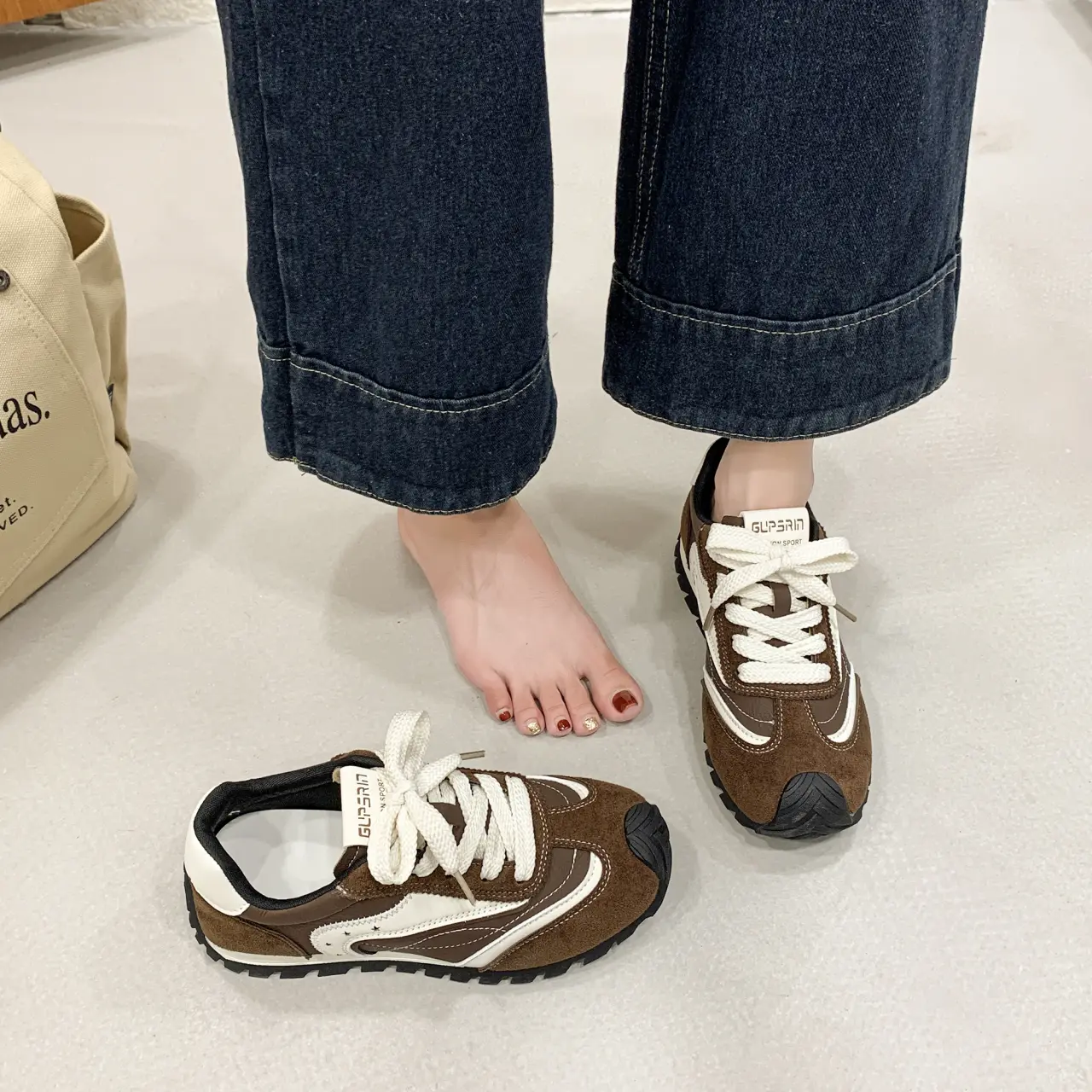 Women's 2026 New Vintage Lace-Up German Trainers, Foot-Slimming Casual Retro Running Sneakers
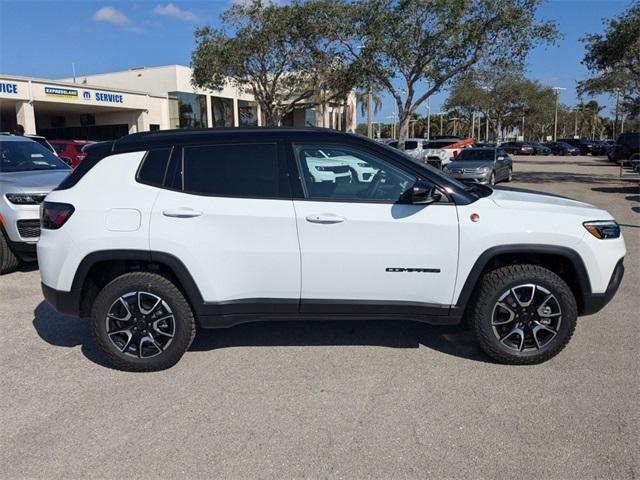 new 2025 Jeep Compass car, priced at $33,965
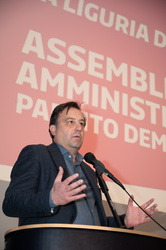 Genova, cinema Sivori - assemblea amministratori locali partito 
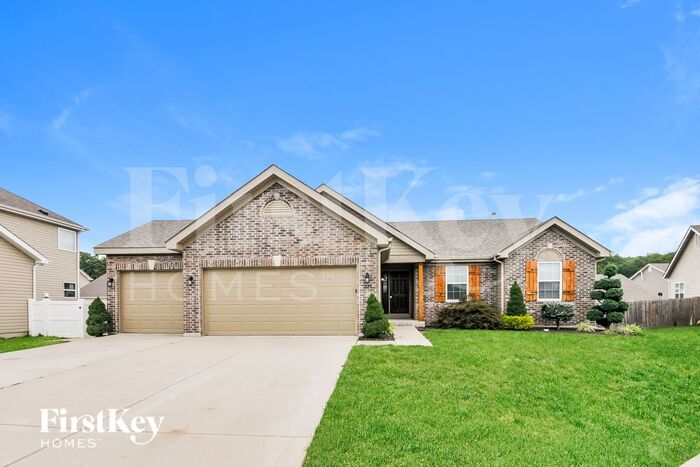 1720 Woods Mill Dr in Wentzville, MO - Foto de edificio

*Assignment*: Your answer should hold only the lines from the one with "Genova, cinema Sivori" through the final line of the listing above, transcribed exactly and without pictures.

*Written response*:
 Genova, cinema Sivori - assemblea amministratori locali partito 
 1720 Woods Mill Dr in Wentzville, MO - Foto de edificio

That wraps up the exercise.